Training a Neural Network with MNIST Data

Training a Model with MNIST data is very simple. It’s basically a classification model to look into the image and predict the handwritten digit accurately.MNIST contains 70,000 images of handwritten digits: 60,000 for training and 10,000 for testing. The images are grayscale, 28x28 pixels, and centered to reduce preprocessing and get started quicker.

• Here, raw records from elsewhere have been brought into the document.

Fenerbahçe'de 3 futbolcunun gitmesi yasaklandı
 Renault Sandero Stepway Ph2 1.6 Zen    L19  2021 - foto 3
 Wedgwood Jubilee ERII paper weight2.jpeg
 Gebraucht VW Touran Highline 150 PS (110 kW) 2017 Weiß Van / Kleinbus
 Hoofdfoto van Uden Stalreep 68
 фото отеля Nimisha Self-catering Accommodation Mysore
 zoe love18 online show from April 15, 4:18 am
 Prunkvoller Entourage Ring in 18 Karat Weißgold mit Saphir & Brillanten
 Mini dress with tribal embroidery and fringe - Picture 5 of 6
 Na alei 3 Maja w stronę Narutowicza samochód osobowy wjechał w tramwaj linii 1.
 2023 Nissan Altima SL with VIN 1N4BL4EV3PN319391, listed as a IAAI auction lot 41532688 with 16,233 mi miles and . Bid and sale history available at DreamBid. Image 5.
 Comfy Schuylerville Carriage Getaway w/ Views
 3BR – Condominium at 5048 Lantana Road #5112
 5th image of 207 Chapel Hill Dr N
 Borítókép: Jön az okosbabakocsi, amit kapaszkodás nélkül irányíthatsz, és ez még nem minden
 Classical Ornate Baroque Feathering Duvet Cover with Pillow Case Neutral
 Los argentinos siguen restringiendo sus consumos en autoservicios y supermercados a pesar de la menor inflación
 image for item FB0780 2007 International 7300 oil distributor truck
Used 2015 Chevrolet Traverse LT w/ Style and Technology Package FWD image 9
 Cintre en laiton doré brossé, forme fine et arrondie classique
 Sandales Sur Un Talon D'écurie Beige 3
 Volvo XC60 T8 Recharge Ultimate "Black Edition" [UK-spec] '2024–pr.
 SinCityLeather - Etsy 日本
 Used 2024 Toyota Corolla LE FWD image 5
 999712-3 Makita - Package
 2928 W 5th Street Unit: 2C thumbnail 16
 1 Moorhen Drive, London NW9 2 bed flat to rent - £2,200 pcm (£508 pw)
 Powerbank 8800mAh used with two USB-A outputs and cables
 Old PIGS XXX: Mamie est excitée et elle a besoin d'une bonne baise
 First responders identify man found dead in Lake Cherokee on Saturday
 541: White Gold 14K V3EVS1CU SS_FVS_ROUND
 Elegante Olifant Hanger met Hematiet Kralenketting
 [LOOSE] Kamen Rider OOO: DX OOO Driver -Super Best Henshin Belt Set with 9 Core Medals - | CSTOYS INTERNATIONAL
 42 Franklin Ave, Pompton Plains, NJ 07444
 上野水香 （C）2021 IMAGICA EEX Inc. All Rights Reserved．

All of us can do it. But to make it a little fun we have added some constraints to it. Let’s understand the model input, output and architecture first before getting into the code. SO here is how the readme has been structured

Input
Constraints
Network
Parameters
Output
How we arrived at it
Takeaway

Setting up the Environment

We will be using PyTorch to train a convolutional neural network to recognize MNIST's handwritten digits in this article. PyTorch is a very popular framework for deep learning like Tensorflow, CNTK and Caffe2. But unlike these other frameworks PyTorch has dynamic execution graphs, meaning the computation graph is created on the fly.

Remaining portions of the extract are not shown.